Alzheimer’s Research: Current & Future Seniors Need Our Advocacy
The numbers of those with a diagnosis of Alzheimer’s grows daily, actually every 68 seconds. The prevalence of Alzheimer’s disease doubles in every five-year interval after the age of 65.
With the U.S. population aging overall, we are looking at a problem that will only get greater left unchecked.
The U.S. President, in his National Plan for Alzheimer’s, has recently put his support behind research to deal with this life altering disease, setting desired treatment and prevention strategies as the goal to be achieved by 2025. What that means for treatment of Alzheimer’s disease remains to be seen, but we are seeing a renewed surge of research and advocacy to fight Alzheimer’s. If you are an Alzheimer’s caregiver, you are thrilled but know the end feels like it is a long way off – - maybe too late for those under your care.
We wanted to touch on a few new areas of study in Alzheimer’s so that we can all understand the importance of our continued advocacy and fundraising to make these ideas reality!
New Bid to Prevent Alzheimer’s Early
The first study, currently underway, is to test an experimental treatment on individuals who do not show signs of any memory loss but are in the extended family of someone with Alzheimer’s.
An injectable drug made by Genentech in collaboration with government and academic researchers will be tested on 300 people who have been found to have a genetic mutation linked to cognitive impairment symptoms by the age of 45.
This drug targets amyloid protein in the brain thought to lead to Alzheimer’s when the protein clumps. One additional focus of the research will be to see if testing amyloid levels in people can indicate whether treatments are working without waiting for memory loss to appear or worsen.
Insulin Nasal Spray
A National Institute of Health study using a $7.9 million grant will test the effectiveness of insulin nasal spray for people who are already in the early stages of Alzheimer’s disease.
A government funded trial costing $20 million is studying the herb Ginkgo biloba and its effect on cognitive impairment of Alzheimer’s patients who have started to show memory impairment.
Study Reveals How the World’s First Drug for Amyloid Disease Works
Tafamidis, used in Europe and currently under review by the US Food and Drug Administration (FDA), is the first medication approved to treat an amyloid disease, a class of conditions that include Alzheimer’s.

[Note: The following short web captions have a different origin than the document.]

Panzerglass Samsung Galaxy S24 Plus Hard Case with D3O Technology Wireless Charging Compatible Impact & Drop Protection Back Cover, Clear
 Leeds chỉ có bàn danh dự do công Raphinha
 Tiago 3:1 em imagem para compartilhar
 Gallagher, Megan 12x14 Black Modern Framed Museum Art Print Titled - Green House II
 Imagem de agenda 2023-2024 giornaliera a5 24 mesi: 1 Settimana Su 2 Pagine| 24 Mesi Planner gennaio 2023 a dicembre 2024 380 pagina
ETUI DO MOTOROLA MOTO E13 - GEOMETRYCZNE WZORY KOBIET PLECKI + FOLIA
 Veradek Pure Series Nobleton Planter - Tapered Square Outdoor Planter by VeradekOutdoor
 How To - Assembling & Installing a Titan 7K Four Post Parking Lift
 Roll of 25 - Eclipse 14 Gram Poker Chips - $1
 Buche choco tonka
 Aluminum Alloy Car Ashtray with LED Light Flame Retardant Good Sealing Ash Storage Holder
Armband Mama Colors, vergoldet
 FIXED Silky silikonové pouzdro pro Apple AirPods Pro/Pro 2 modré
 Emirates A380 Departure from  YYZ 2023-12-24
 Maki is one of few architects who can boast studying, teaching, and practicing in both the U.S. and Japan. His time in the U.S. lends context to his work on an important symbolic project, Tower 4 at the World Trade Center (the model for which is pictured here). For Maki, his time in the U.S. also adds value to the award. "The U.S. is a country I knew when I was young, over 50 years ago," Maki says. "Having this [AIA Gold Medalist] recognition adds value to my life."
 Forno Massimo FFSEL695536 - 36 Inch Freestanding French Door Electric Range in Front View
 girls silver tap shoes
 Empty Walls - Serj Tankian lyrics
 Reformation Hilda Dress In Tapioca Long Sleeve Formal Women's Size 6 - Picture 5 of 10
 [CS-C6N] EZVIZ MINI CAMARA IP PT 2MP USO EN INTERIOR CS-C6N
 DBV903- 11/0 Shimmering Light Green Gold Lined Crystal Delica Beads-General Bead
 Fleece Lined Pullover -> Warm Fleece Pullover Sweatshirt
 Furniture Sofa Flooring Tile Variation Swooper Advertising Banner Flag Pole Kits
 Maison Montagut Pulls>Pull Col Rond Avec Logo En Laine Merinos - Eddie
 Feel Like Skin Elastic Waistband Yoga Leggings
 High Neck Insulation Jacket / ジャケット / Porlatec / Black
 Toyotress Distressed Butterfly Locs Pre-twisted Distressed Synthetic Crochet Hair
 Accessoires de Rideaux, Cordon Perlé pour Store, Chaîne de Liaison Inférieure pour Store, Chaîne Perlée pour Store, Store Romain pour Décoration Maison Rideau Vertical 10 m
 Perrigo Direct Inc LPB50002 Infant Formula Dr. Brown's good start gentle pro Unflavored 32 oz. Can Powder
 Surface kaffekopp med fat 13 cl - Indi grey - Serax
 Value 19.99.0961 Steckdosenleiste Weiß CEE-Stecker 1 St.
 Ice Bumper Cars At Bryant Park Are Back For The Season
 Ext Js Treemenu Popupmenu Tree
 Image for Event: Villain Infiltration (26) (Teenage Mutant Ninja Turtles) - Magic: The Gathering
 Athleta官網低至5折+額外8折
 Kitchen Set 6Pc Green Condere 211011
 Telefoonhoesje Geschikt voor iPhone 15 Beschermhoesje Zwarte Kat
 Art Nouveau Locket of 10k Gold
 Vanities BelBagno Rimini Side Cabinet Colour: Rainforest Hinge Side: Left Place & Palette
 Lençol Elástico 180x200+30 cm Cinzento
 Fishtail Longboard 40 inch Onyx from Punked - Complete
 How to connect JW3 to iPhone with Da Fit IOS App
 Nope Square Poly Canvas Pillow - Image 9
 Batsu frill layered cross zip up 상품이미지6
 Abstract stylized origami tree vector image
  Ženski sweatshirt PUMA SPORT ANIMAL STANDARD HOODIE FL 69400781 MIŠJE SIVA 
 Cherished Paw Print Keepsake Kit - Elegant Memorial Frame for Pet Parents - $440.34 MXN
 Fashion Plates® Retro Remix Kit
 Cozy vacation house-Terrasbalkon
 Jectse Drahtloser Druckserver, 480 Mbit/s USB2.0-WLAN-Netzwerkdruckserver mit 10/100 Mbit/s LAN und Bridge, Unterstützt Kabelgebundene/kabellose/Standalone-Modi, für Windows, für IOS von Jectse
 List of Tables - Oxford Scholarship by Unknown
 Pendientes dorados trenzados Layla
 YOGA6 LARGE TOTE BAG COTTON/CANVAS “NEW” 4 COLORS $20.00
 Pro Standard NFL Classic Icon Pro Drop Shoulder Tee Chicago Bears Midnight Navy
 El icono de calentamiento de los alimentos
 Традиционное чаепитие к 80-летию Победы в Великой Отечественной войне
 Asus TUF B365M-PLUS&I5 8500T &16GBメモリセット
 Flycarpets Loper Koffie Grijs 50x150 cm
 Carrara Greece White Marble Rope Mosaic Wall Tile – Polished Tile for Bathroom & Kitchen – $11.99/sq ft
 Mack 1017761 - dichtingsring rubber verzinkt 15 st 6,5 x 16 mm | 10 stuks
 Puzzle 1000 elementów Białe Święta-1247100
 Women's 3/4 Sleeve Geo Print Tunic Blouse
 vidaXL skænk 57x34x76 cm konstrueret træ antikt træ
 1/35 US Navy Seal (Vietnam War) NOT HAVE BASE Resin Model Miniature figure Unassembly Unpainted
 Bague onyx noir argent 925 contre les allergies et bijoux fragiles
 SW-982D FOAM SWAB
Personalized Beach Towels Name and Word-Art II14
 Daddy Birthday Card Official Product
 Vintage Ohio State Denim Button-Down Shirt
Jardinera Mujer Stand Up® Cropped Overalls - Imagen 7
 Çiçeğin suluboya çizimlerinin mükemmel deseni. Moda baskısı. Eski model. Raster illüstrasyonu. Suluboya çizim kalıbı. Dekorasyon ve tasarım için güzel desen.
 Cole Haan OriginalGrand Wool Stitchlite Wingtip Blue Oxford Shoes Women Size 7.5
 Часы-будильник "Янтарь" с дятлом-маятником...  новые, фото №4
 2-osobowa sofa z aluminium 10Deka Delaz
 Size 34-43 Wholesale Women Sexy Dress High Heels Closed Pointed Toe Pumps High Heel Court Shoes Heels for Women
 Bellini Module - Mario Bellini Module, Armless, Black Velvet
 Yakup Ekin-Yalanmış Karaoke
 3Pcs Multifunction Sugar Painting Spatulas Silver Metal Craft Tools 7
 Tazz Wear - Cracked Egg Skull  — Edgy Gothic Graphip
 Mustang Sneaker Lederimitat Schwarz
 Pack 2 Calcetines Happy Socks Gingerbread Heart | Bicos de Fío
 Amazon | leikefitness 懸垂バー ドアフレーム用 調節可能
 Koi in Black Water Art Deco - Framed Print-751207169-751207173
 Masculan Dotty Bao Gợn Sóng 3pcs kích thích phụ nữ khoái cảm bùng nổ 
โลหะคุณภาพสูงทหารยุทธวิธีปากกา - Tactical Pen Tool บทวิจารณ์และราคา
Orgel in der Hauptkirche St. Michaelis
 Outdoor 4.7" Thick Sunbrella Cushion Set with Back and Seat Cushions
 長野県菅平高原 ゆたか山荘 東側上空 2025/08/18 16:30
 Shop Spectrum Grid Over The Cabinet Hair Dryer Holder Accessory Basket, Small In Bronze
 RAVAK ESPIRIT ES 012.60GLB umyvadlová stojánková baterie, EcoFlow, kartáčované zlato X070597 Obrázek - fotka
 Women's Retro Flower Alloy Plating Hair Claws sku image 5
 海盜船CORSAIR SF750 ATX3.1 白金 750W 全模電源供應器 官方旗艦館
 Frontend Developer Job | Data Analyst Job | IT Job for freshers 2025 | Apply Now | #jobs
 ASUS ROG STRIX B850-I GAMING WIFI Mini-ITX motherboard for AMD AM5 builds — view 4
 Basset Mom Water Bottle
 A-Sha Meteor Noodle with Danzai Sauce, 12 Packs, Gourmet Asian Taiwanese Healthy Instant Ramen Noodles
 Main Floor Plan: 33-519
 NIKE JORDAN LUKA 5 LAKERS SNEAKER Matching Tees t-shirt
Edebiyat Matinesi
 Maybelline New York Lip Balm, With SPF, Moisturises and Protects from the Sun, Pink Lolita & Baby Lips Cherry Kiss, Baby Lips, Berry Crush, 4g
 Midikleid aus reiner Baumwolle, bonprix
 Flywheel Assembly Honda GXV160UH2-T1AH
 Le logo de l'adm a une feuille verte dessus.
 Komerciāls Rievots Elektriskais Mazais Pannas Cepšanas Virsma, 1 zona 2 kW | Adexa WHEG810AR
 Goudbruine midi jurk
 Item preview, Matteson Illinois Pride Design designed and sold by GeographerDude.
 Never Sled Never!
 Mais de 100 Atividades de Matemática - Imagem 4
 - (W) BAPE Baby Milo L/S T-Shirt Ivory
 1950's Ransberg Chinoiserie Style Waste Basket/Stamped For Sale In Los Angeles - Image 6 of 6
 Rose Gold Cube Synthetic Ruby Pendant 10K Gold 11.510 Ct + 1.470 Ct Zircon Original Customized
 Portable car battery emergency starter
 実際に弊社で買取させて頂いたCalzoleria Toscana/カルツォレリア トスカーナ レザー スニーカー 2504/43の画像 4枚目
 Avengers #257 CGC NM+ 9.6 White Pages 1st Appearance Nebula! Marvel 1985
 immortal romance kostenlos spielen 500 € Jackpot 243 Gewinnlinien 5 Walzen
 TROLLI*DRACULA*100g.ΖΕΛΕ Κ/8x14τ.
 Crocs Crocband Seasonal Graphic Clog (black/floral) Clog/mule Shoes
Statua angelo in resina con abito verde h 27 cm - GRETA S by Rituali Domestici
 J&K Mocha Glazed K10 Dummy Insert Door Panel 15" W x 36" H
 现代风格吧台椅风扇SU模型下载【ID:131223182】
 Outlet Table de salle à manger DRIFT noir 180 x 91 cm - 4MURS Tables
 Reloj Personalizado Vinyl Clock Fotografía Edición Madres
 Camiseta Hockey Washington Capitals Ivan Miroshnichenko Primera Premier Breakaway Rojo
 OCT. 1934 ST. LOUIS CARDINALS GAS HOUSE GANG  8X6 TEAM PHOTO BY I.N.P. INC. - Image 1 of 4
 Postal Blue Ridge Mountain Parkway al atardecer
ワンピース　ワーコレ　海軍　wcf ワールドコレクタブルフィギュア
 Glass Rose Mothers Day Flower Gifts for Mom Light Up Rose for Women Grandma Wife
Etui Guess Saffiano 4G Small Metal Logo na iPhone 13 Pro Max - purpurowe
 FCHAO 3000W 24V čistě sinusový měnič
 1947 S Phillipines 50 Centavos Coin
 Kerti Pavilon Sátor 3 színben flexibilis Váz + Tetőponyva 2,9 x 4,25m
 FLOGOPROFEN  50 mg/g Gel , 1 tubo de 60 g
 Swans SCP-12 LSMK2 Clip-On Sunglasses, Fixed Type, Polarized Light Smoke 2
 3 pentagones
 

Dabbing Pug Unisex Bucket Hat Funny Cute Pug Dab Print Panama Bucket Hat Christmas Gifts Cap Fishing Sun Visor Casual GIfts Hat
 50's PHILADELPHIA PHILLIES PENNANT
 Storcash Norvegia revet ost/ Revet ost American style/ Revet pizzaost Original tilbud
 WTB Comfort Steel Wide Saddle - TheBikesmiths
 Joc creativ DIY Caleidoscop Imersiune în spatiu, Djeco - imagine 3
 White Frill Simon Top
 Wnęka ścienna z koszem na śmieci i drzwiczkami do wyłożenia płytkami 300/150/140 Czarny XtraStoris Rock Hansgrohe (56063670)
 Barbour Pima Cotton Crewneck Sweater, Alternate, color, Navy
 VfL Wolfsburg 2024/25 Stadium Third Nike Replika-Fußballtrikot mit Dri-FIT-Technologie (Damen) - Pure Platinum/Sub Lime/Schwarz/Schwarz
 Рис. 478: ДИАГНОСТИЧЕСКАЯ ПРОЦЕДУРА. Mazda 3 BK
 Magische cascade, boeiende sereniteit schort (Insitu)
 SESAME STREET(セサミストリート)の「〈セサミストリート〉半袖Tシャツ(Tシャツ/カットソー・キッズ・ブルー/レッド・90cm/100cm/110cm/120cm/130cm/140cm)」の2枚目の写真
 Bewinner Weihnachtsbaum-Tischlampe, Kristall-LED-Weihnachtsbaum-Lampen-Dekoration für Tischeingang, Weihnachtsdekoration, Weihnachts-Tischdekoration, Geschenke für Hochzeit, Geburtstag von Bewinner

It has shown to reduce the formation of amyloid plaques in the brain.
Deep Brain Stimulation
Another study is reviewing the impact of deep brain stimulation using continuous electrical impulses to specific “memory” regions of the brain of people with mild Alzheimer’s disease.
The researchers observed only a handful of subjects and therefore it needs to be done on a broader scale to validate their findings. However, they found that the stimulation increased glucose metabolism, resulting in better outcomes in cognition, memory and quality of life. In addition, the stimulation increased connectivity in brain circuits associated with memory.
New Understanding of Alzheimer’s Trigger
Scientists have found a clear connection of amyloid plaques in the brain and Alzheimer’s disease. But how does that happen? This new study looks at one potential mechanism. They found that a highly toxic beta-amyloid called pyroglutamylated (or pyroglu) in the brains of Alzheimer’s disease victims appears to greatly increase the toxicity of other more common and less toxic beta-amyloids thereby causing development of Alzheimer’s. They feel that, by finding the mechanism that begins the cascade of Alzheimer’s progression, they will be able to develop a drug to attack this toxic amyloid and slow or even prevent the progression of Alzheimer’s disease.
Many more studies are currently underway and more will begin to determine the cause and best treatment for prevention of the disease as well as best ways to slow its progression in those already suffering.
Our Support of Research is Needed
1. If you or your loved one suffers from Alzheimer’s, you can get involved in clinical trials studying the disease.
2. Be an advocate for your caregiver, learn all you can about the disease.
3. Be an active fundraiser taking part in events near you such as the Alzheimer’s Memory Walk or the Longest Day; support walkers who are participating, give a donation when asked by others who hold fashion shows, flower sales, t-shirt sales or other events in your area.
4. Support legislators who are advocating for continued Alzheimer’s research efforts.
5. Be a part of a support group to help not only yourself but others who are in need of your life experience.
We will continue to keep abreast of current research and give you information of advances as they happen as well as events in which you can advocate for a cure! Thank You!
While we’re advocating for a cure, we also need to continue to support services for those suffering from Alzheimer’s already – - as well as those family members providing care. Chances are a good portion of money raised at local Alzheimer’s Memory Walks and other events supports local services in addition to research.